Your copy of the data below must be exact and must leave out all pictures.

→ Material for this task
⟨
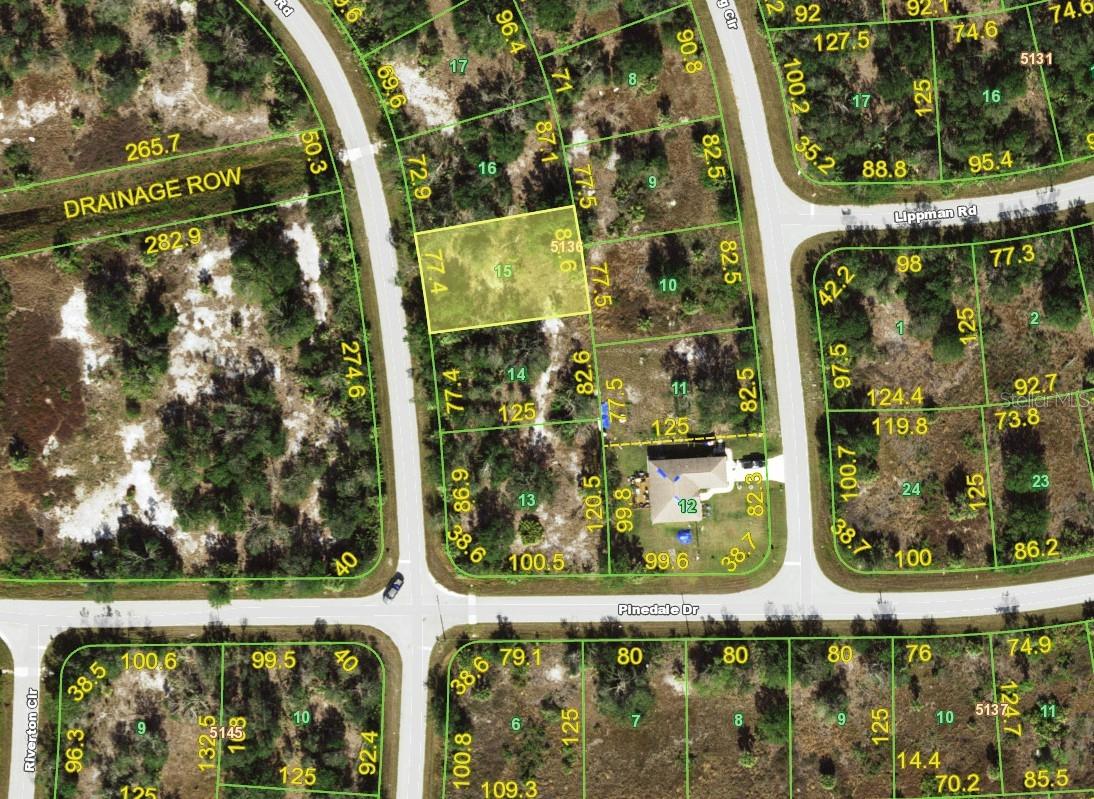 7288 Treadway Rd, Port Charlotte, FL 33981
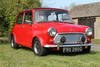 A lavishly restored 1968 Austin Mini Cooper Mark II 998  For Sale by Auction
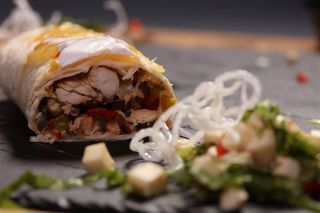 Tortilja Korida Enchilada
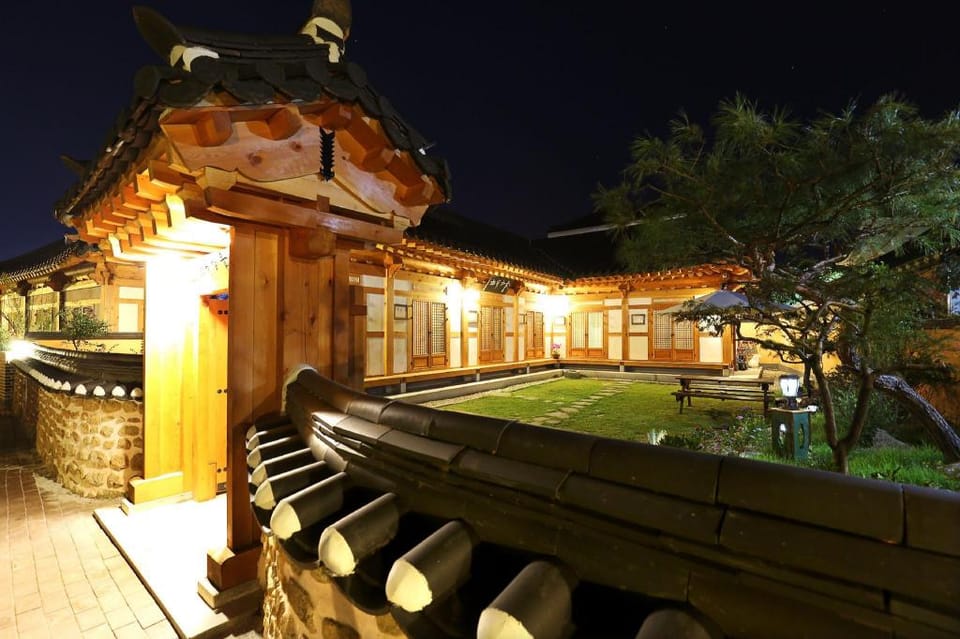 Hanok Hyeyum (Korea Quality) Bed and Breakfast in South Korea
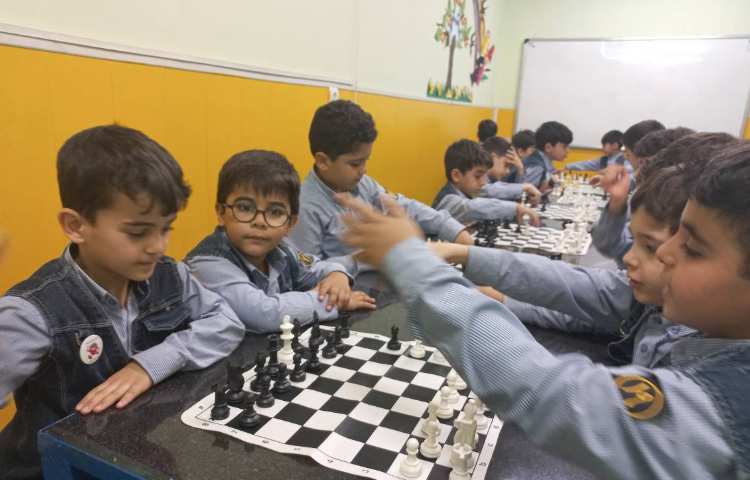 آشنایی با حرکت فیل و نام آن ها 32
⟩
→ Solution to this exercise
 7288 Treadway Rd, Port Charlotte, FL 33981
 A lavishly restored 1968 Austin Mini Cooper Mark II 998  For Sale by Auction
 Tortilja Korida Enchilada
 Hanok Hyeyum (Korea Quality) Bed and Breakfast in South Korea
 آشنایی با حرکت فیل و نام آن ها 32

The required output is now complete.